### THE TASK
Every line from the one with "RIC VII Thessalonica 146 — CANOA" through the end of the entries below must be retyped exactly, and only those lines. The pictures are not part of the copy.

### RECORDS PROVIDED
◆ ◆ ◆ ◆ ◆
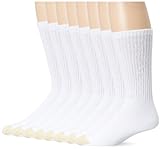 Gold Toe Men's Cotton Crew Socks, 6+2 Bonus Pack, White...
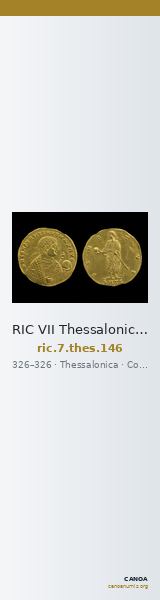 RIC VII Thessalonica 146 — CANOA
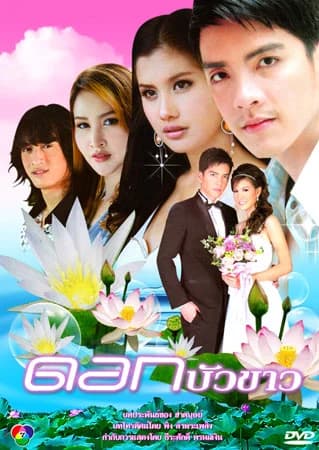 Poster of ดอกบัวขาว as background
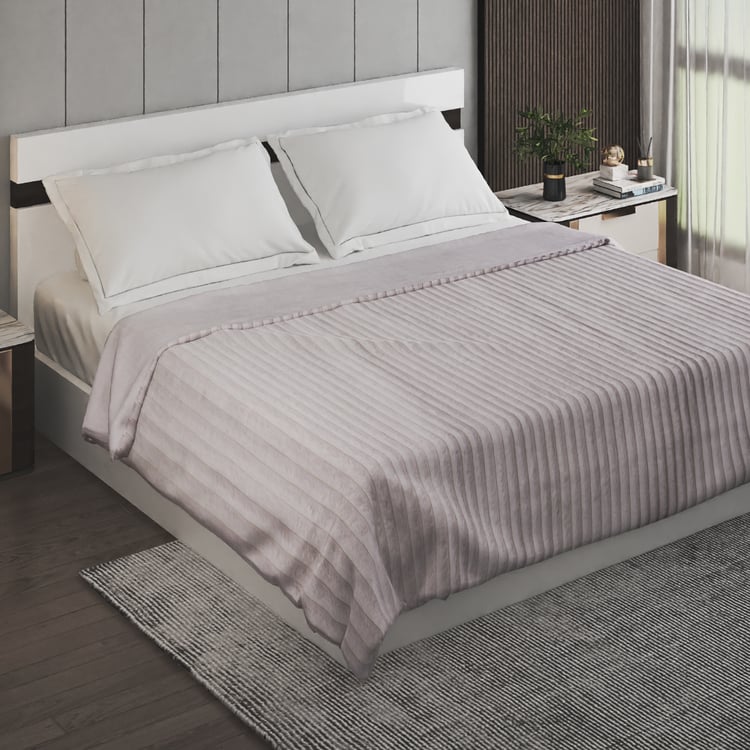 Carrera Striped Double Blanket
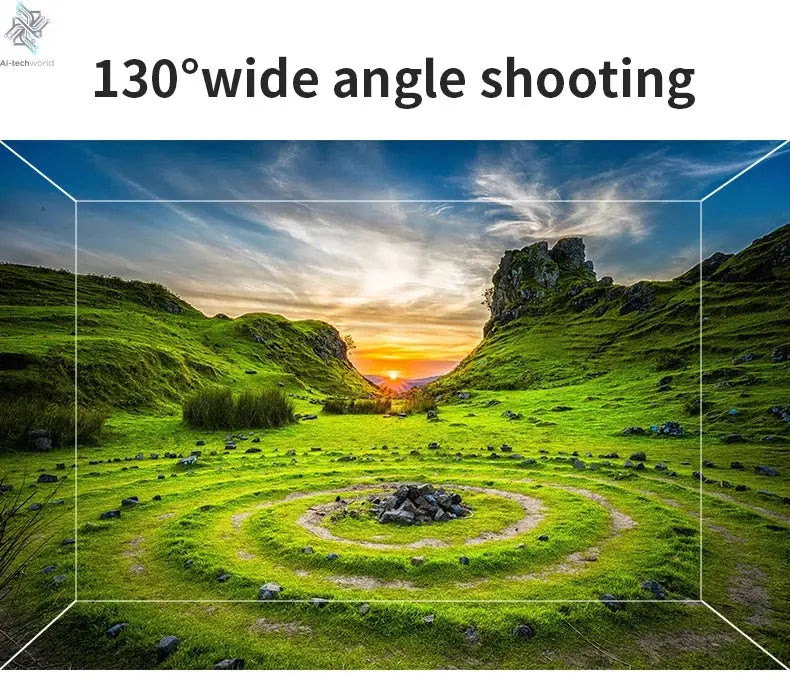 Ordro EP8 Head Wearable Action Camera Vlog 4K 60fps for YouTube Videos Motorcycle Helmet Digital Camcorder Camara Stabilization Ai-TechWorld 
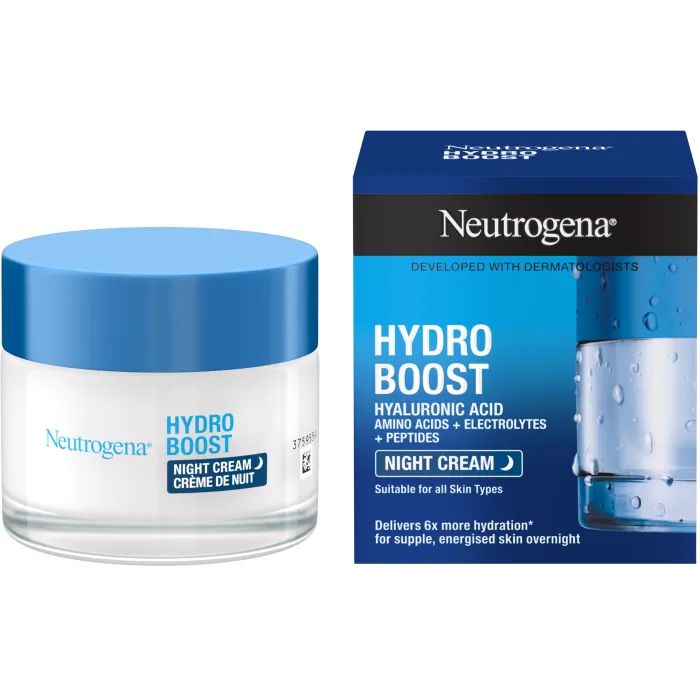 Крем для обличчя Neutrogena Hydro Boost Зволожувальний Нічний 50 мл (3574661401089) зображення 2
◆ ◆ ◆ ◆ ◆
### RESPONSE TO THE EXERCISE
 RIC VII Thessalonica 146 — CANOA
 Poster of ดอกบัวขาว as background
 Carrera Striped Double Blanket
 Ordro EP8 Head Wearable Action Camera Vlog 4K 60fps for YouTube Videos Motorcycle Helmet Digital Camcorder Camara Stabilization Ai-TechWorld 
 Крем для обличчя Neutrogena Hydro Boost Зволожувальний Нічний 50 мл (3574661401089) зображення 2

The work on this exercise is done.